Longue marche en silence dans les couloirs blancs, froids, sans vie. Puis l’ascenseur. Trop spacieux, trop propre, trop silencieux. Un silence pesant. Pas d’échange de mots, rien que leurs souffles qui occupent le vide.
Il s’acquitte de sa tâche. A toute heure de la journée, il pousse les lits à roulettes vers les ascenseurs.
La différence pour ce mois d’août 2005, c’est la descente vers le niveau -2.
Le Niveau -2?
Un niveau en dessous de 0. Pas bon signe. Ailleurs c’est le niveau réservé à la morgue. Ici c’est une lueur d’espoir. Le niveau -2 c’est là on sauve quelques vies.
C’est déjà vu.
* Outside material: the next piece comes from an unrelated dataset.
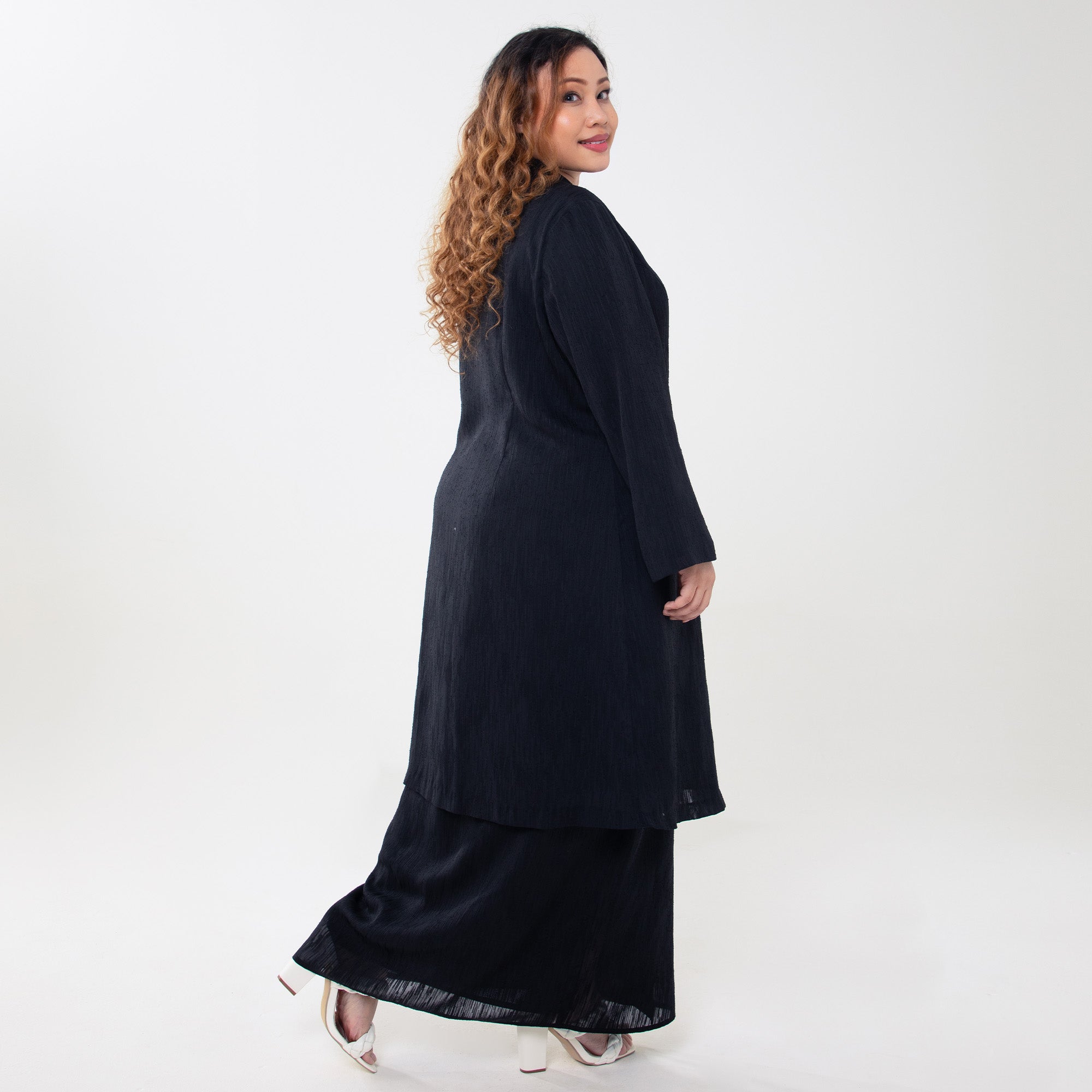 NOSTALGIA RAYA 2024: A Celebration of Tradition – Ms. Read Singapore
Comme dans un film. La prémonition. Tout défile comme dans un rêve d’il y a un an.
La peur. L’espoir, tout s’emmèle. Il fait froid, horriblement froid. un espace dépouillé. Comme si l’on n’avait plus besoin de rien. Pas ici. Ne pas dormir, ne pas fermer les yeux, dans l’espoir de voir le néant arriver. La peur, la foi, prier, prier de toutes ses forces.
Mais la peur prend le dessus.
L’inconnu accompli son travail avec douceur. Il s’applique à ne pas brusquer l’autre. Celle qui va occuper la salle du niveau -2.
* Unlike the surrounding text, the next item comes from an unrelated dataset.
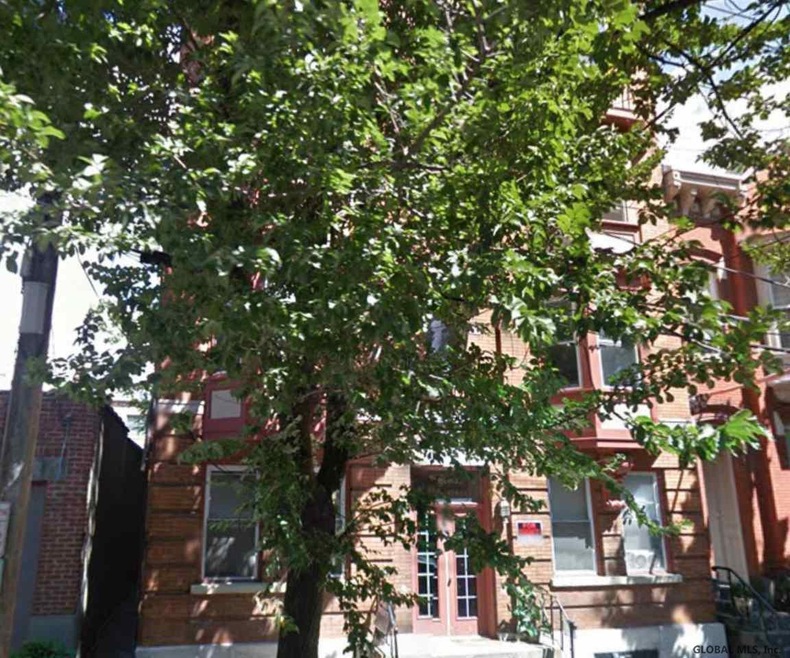 51 Elm St unit number 6, Albany, NY 12202 - photo 1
Un regard plus insistant. Il a les traits doux, un visage d’ange. il sourit. C’est rassurant. Il reste près du lit. il parle pour la première fois. Il reconforte de sa voix douce.
Il n’a rien à faire là. Il pourrait faire la couverture de magazines de mode. Mais que fait il ici? Au niveau -2?
On brise la glace, ça aide à oublier.
Que faites vous dans la vie?
Il est étudiant. Mais ça n’a rien à voir avec ce qu’il fait en ce moment même. Il le fait pour survivre. Il a une passion. Elle ne le croit pas. Il est batteur, dans un groupe. Tous les été ils se produisent sur la côte. Elle ne le croit toujours pas.
Alors il arrache la page. Une page de magazine. Il lui montre. Il est là. un Banana sur la tête. Très passionné par ce qu’il fait. Elle le croit.
Il lui a dit. Un jour vous me verrez peut être. Je serai célèbre.Il est resté près d’elle toute la nuit. Ils ont parlé, elle n’a pas eu le temps de trop penser à son sort.
Il lui a donné plus que la vie. Elle n’y croyait plus. Il a su lui donner espoir. Il lui a tenu la main. L’inconnu du niveau -2.
S’il se reconnait, il ne se souviendra sans doute pas de la dame du niveau -2. Mais elle ne l’a pas oublié. Célèbre ou pas. Elle pense à lui et lui dit un grand MERCI.
Cette page arrachée de Gala est vieille de 14 ans d’où son état un peu usé. Elle a été conservée depuis la rencontre avec l’inconnu. Avant qu’elle ne soit complètement inutilisable, j’ai tenu à rendre hommage à l’Inconnu du niveau -2.